The drama setting the stage for the hearing was the leak of Mueller's March 27 letter to Barr. That letter's most critical line suggested Barr's conclusions on the report "did not fully capture the context, nature, and substance of [the special counsel's] work and conclusions," and went on to urge that Barr release more information.
Well, two weeks later, Barr did just that by releasing the full report, minus redactions. No one could reasonably expect Barr's original four-page letter to capture the full essence of a two-year investigation that cost tens of millions of dollars and dominated news cycles since mid-2017.
Barr explained his understanding that Mueller was frustrated with how the media reacted to his March 24 letter to Congress, and he also referenced a phone conversation the two had after Barr received Mueller's March 27 letter. That, in a nutshell, is the answer to Wednesday morning's headlines. The rest was recycled Washington swamp talk of the kind that those who aren't political junkies have learned to tune out.
The three Democratic presidential candidates on the committee did their best not to appear wild-eyed, rehearsed or pandering --- but each fell short. Sen. Amy Klobuchar, D-Minn., began by saying she was "gonna take us out of the weeds," then proceeded to take us even further into the weeds after instructing Barr which legislation he should support (hers).

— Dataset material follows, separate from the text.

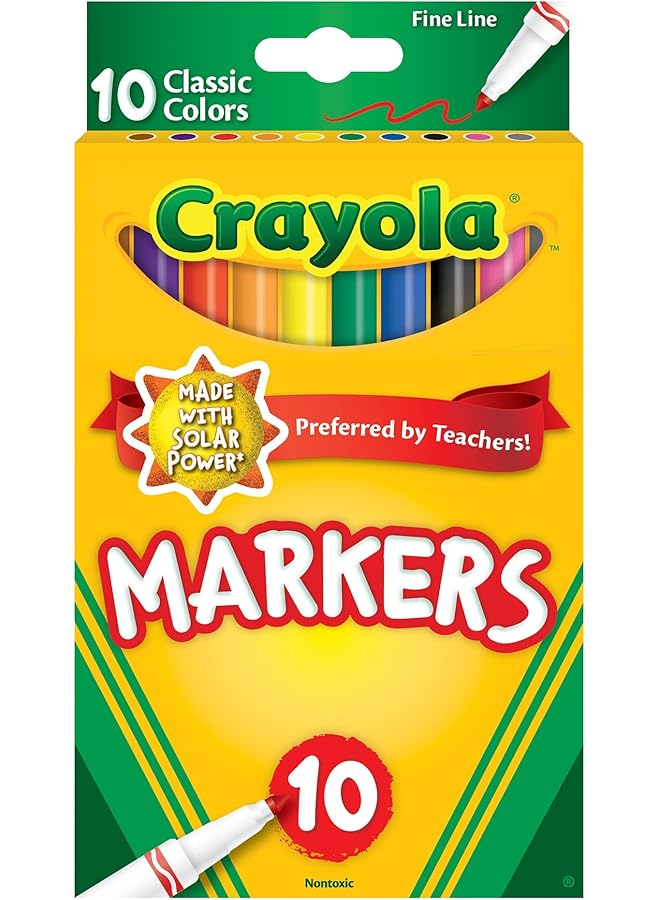 كرايولا 10 أقلام تلوين كلاسيكية ذات خطوط رفيعة - Image 1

Sen. Cory Booker, D-N.J., said he wanted to "take a step back" - immediately after his colleague Sen. Mazie Hirono, D-Hawaii, viciously maligned Barr, calling him a liar and demanding that he step down - and made airy remarks about this "sobering moment in American history."
And predictably, Harris played prosecutor and spent her questioning trying to indict Barr as being somehow too conflicted to do his job. Meanwhile, almost all Republicans drew attention to the sketchy beginnings of the Russia investigation --- the discredited Steele dossier, a couple freelancing FBI agents and a relentless campaign to feed the media with innuendo and conspiracy theories.
Two currents of outrage filled the air in the hearing room: Democrats raged against the report's actual findings; Republicans lamented that, as Sen. Charles Grassley, R-Iowa, put it to reporters during the break, "everybody was sold a bunch of snake oil, and now, the jig is up."
But is the fake news about a fake feud between Mueller and Barr, as Graham would like, now "over?" The Democrats, echoing a Hillary Clinton op-ed in The Washington Post last week, cannot afford to let go. Clinton wrote, "Congress should hold substantive hearings that build on the Mueller report and fill in its gaps, not jump straight to an up-or-down vote on impeachment." Maybe that is why the Democrats now pin their 2020 hopes on this show going on and on.
As a 35-year political veteran, looking beyond the Democrats' spite and condemnation of Barr, I can smell fear. And the Democrats are afraid of Barr's independence, his experience and his willingness to pursue the obvious questions of the FBI and the Justice Department's leadership and the Obama administration's political posturing during the 2016 campaign. Barr has the confidence to almost taunt the Democrats.
The truth is out there, and Barr is threatening to reveal it.